Kalau saya mundur ke belakang, saat pertemuan pertama di kelas pertama Pak Ino, dia tanya ke saya: “SMA mana kamu dulu?” Dan ketika saya jawab, komentar dia adalah: “Kok goblok kamu, sekolah di Indonesia? Harusnya kuliah di Amerika sana! Hahahaha…Aku dulu kuliah keterima di jurusan kimia, tapi milih psikologi soale wedhoke ayu-ayu. Nek niat sekolah, golek sekolah sing genah. Nek gak, golek sing nggarai seneng ae!” Dan kemudian dia masuk ke pesan yang dia ingin sampaikan, yaitu bahwa sekolah psikologi itu sama sekali tidak memberikan alasan kita untuk sombong dan sok bangga jadi psikolog, karena manusia akan tetap hidup tanpa psikologi sekalipun. Dia mengajak kami semua belajar psikologi untuk menjadi hidup, bukan sekedar bergelar psikologi dan sok pintar diagnosa sana dan sini. Jujur, lucu, satir, ‘menusuk’ jauh ke dalam diri kita, dan memberikan makna yang luas dan dalam. Itu obrolan pertama kami.
Dan perasaaan yang sama tetap muncul hingga obrolan terakhir dengan dia.
Itu membuat dia adalah orang yang ngangenin.
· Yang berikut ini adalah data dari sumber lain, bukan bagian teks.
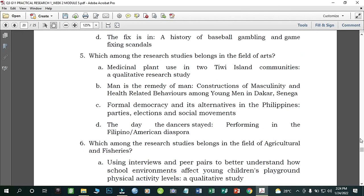Number five: Which among the research studies belongs in the field of arts? A) Medicinal Plant Use in Two Tiwi Island Communities: A Qualitative Research Study; B) Man Is the Remedy of Man: Destruction of Masculinity and Health-Related Behaviors Among Young Men in Dakar, Senegal; C) Formal Democracy and Its Alternatives in the Philippines: Parties, Elections and Social Movements; D) The Day the Dancers Stayed: Performing in the Filipino-American Diaspora. The correct answer is letter D.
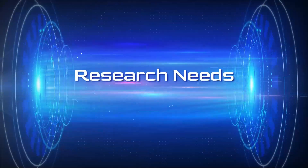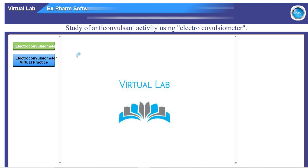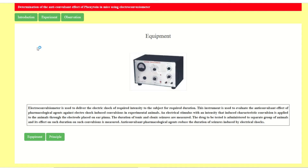Hello friends, welcome to Research Needs. Today in this video we will see the study of anti-convulsant activity using the electroconvulsiometer. We will enter inside the xForm software. After entering inside the xForm software, we found this type of interface. Now we will click on the electroconvulsiometer virtual practice and found here to perform the experiment.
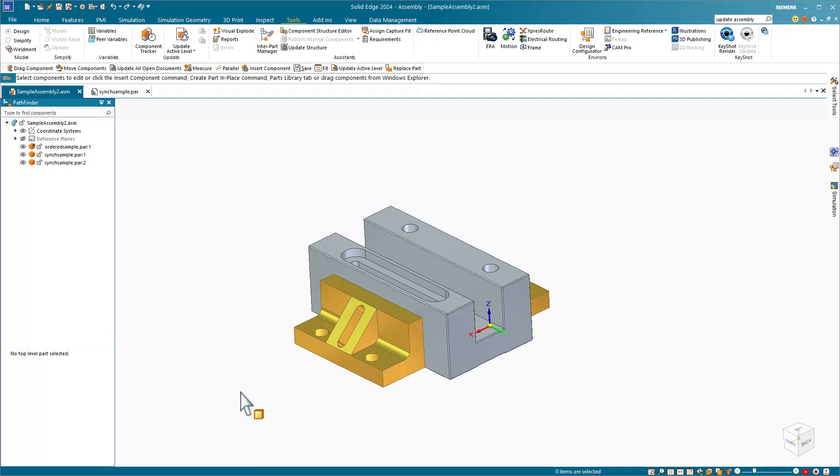In this video I'd like to control some dimensions and put them in a variable table and use that information on an assembly drawing with a parts list. Let's get started.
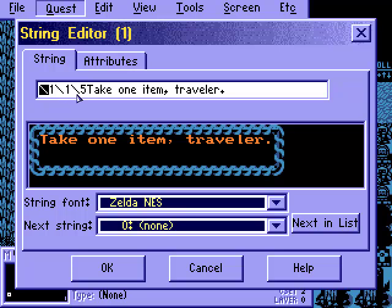This is called a string control code, and this episode will feature basically just the changing color string control code. You use this type of slash to open the string control code so that ZC gets ready to do something special. Notice that none of these numbers, slashes, or anything appear in the text box — it's completely invisible. This first number, the 1, is what we always use to tell ZC to change the color of the text. That's the special command.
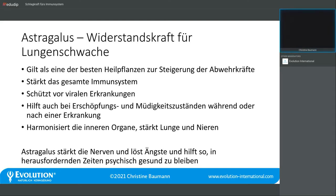Astragalus harmonisiert alle inneren Organe und stärkt insbesondere die Lunge und die Nieren. Lungenschwache Patienten profitieren sehr – er wird eingesetzt bei Asthma, COPD, Lungenemphysemen und auch bei Rauchern. Er stärkt die Nerven und löst Ängste, weshalb er hilft, in herausfordernden Zeiten gesund zu bleiben und sich die Angst vor Erkrankungen nicht so sehr zu Herzen zu nehmen.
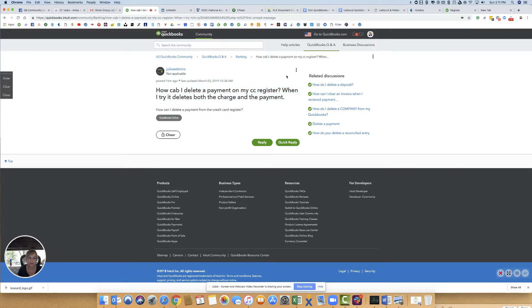This one's from Julie Waltmeyer. How can I delete a payment on my credit card register when I try it deletes both the charge and the payment?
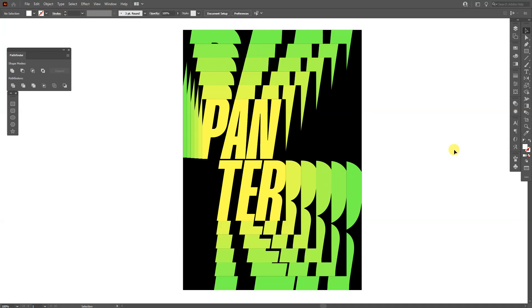Hey, what is going on? This is Rod from Panther. Today I'm going to show you how to create this dynamic looking typography poster in Illustrator.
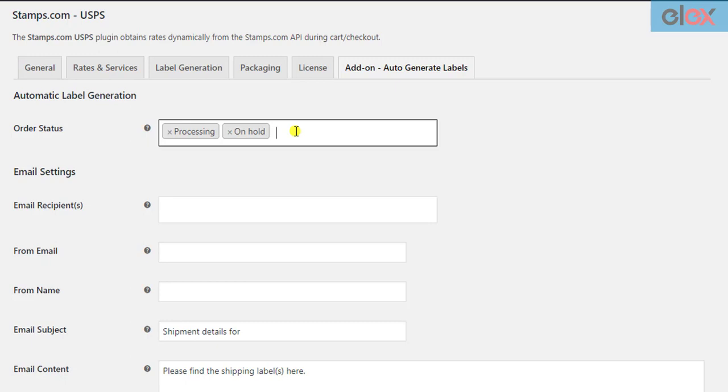One important point to remember here is that these settings will be applied to future orders and future change in order statuses. Even if any of your previous orders are in the selected order status, the emails will not be sent. If you wish to send the emails, you need to manually update the order status.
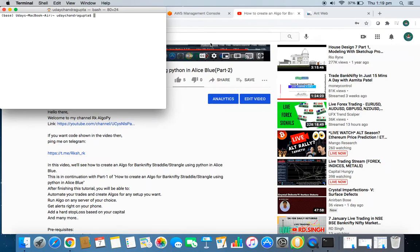Running your algo on a local machine is not advisable if you are executing in the real market, because you don't want to face losses due to execution errors. It's always better to get a server — a virtual machine — and execute it there. AWS server is free for the first year, so you can run it for free, and from the next year you can create a new account or look for another provider.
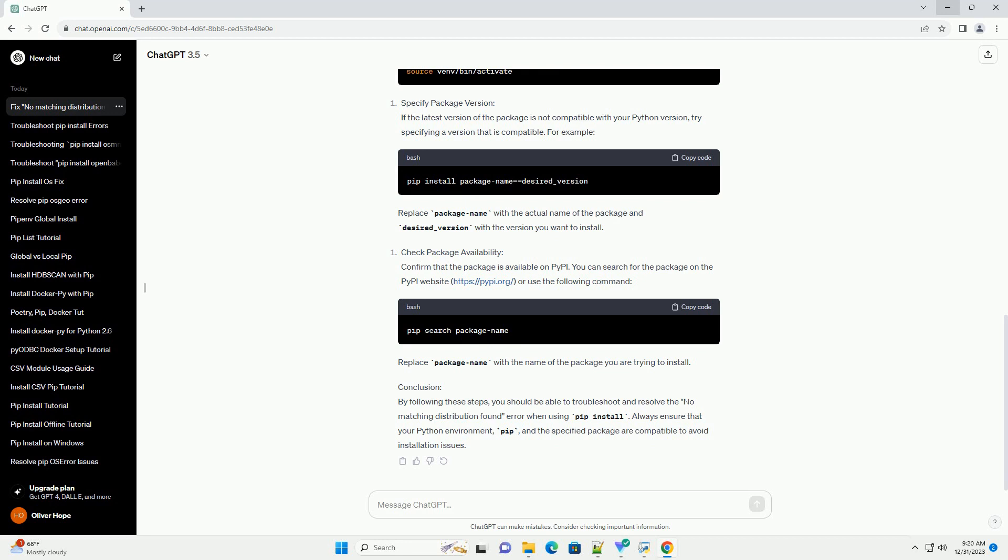Here's an example. Replace Package Name with the actual name of the package and desired version with the version you want to install. Replace Package Name with the name of the package you are trying to install.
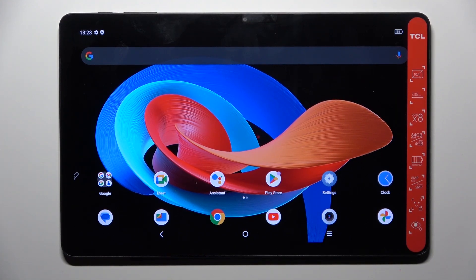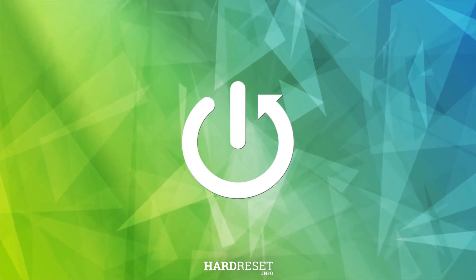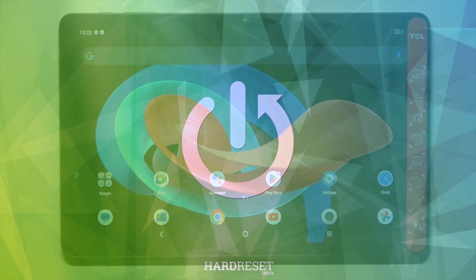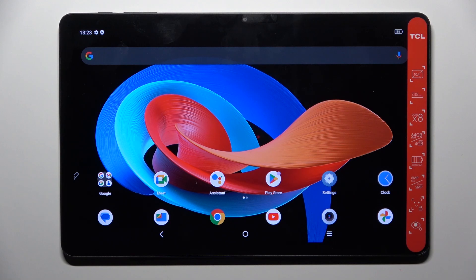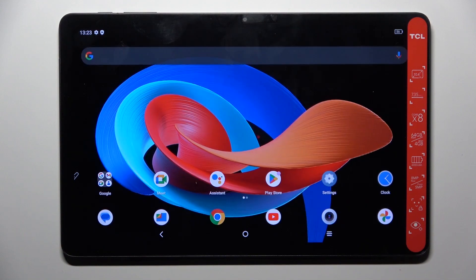Good morning guys. In front of me is the TCL Top 10 Gen 2nd, and let me show you how to close all running apps. So basically all you have to do is click on these three horizontal lines, and then select Clear All. And that's it, that will be all.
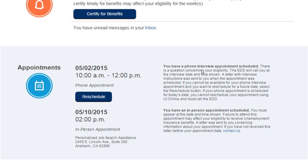Keep in mind, however, that rescheduling your phone interview could further delay the processing of your claim and may create additional eligibility issues. You also won't be able to reschedule your phone interview using UI Online on the same day of your phone interview.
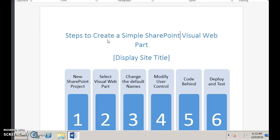Today's demonstration is going to be about a simple SharePoint visual web part using Visual Studio. The version used is SharePoint 2013. Here is a quick overview of the steps.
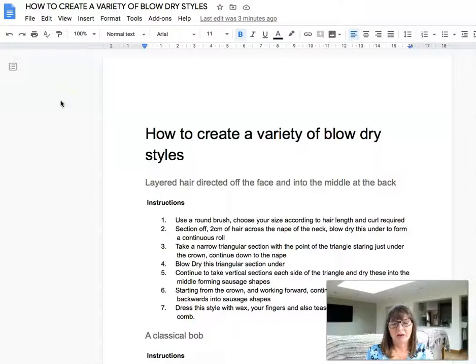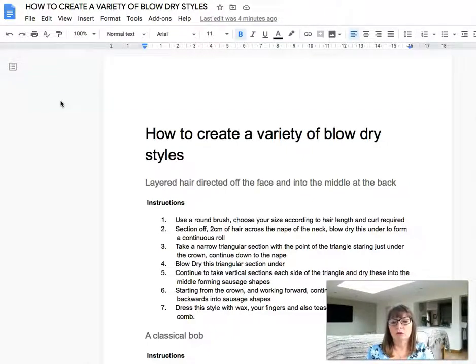Hello, it's Tony here from Teaching Techniques Tips and Tools. I'd like to share with you a quite often overlooked tool contained within Google Docs.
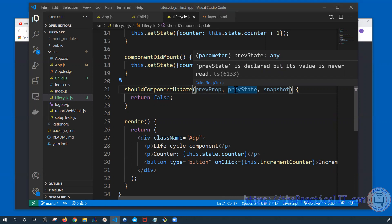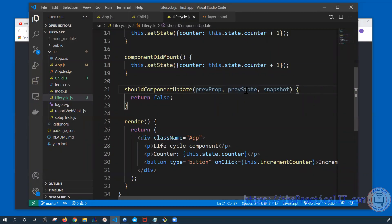Let's try a scenario where we allow incrementing the counter up until, let's say, six or seven, and after that we're no longer going to render the component. Every time we're clicking, the state is going to change by incrementing by one. In this case we want a scenario where once the counter reaches some point, we don't want to render it anymore. The value is going to be on the previous state, and the current state is whatever has been updated — if the previous state is one, then two is going to be the next one.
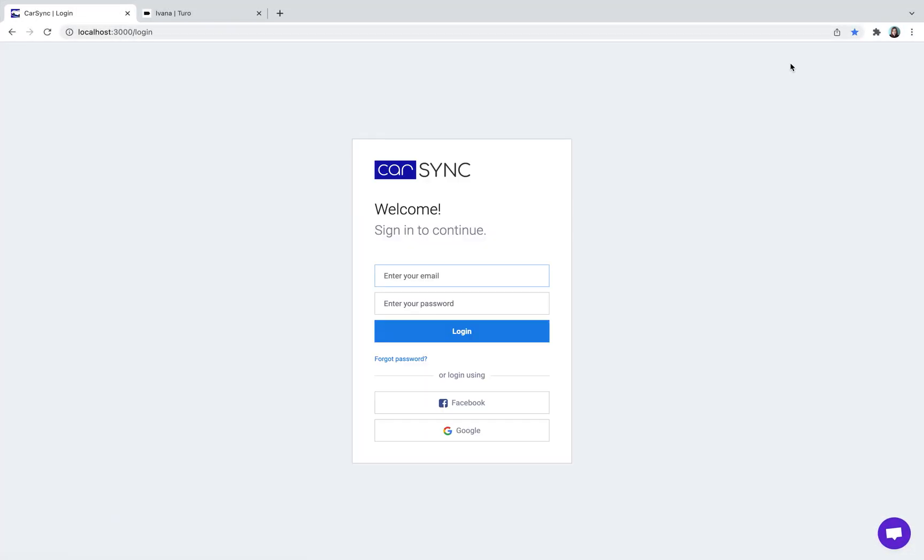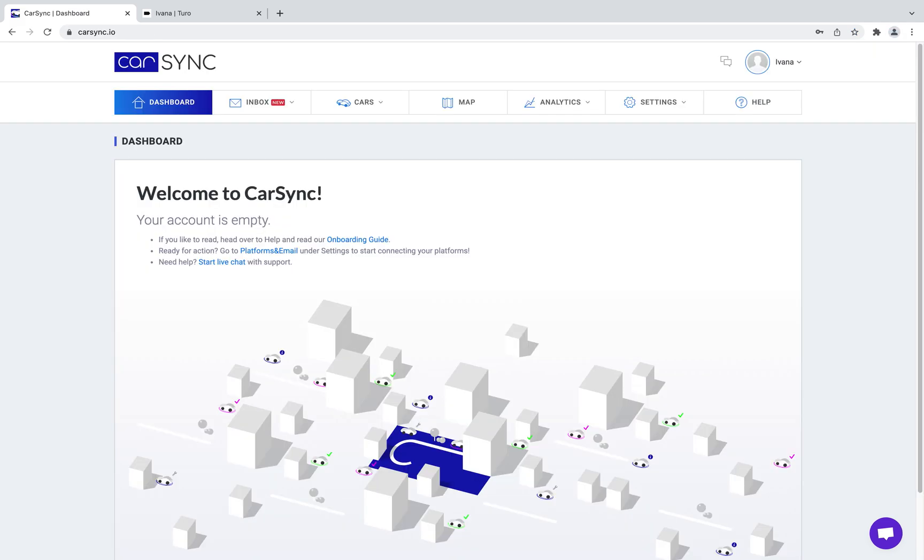If you use Google or Apple to log into your Turo account, please note that CarSync doesn't support those options at the moment.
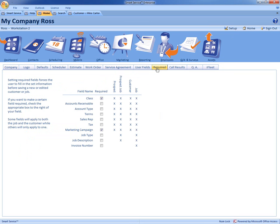Within this area you have the ability to make these fields required so you don't forget to fill that information in. So you can see here we have class and marketing campaign selected.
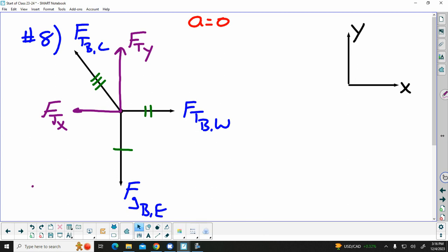Now we have two forces in the vertical and two forces in the horizontal. If this thing is truly not changing its motion, then my force of tension in y must be the same magnitude as my force of gravity, and the force of tension pulling in the x direction must be the same magnitude as the force of tension on the block by the wall. Now we have forces being balanced — a force to the left and a force to the right, and if there's no change in motion horizontally they must be equal; a force going up and a force going down, and if there's no change in motion vertically those must be balanced as well.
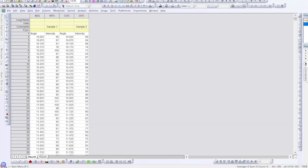Hello everyone, today I'm going to talk about how we can plot XRD data in Origin. I'm going to cover two easy ways and tell you each and everything from scratch, whether you are a beginner or new to Origin or want to plot your XRD data for the very first time. Here in Origin you can see I have data for two samples.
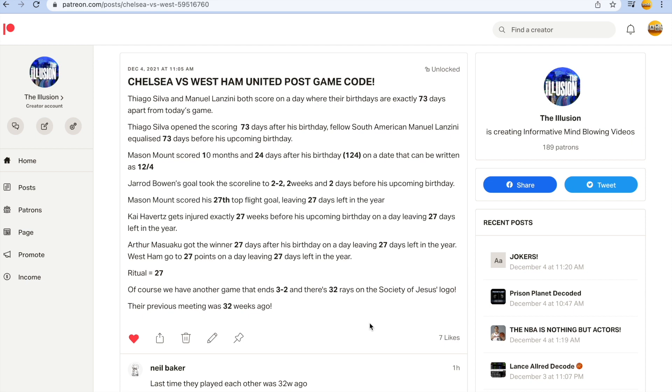Alright guys, let's break down this Chelsea versus West Ham United game. London derby finished 3-2 to West Ham, pulled off the upset. Check this out and tell me the Premier League is not rigged by the numbers. Thiago Silva and Manuel Lanzini both score on a day where their birthdays are exactly 73 days apart from today's game.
I never said this, but I also miss u too, Pak Ino. And that’s why I called you. And now, I will miss you even more for all the meaningful conversation we ever had, and will never again.
I will continue to have stimulating conversations with other people Pak, and your spirit will stay alive in the way it has been.
Bagus James. Aku sendiri baru ketemu dia dua kali, tetapi udah langsung banyak diskusi. Sayang ya, kita ga pernah ngumpul bertiga.
Kita bisa terus berdiskusi untuk mengenangnya Za
pasti… nanti kalo aku mudik, pasti aku kontak… cu James!
Pak Reza dan Pak James… Nama Anda berdua disebut dalam kelas saya waktu martikulasi S2.. Saya rasa, Beliau juga senang bisa bertemu dengan Pak Reza 🙂
Beliau juga tanya tentang Pak James, terkait pekerjaan 🙂
Terima kasih Pak James, sudah membawa Pak Ino di kuliah tamu.. Hingga akhirnya bertemu untuk ke 2, ke 3 dan ke 4 kalinya dengan beliau..
Sama-sama Ayu 🙂 Dia orang yang luar biasa.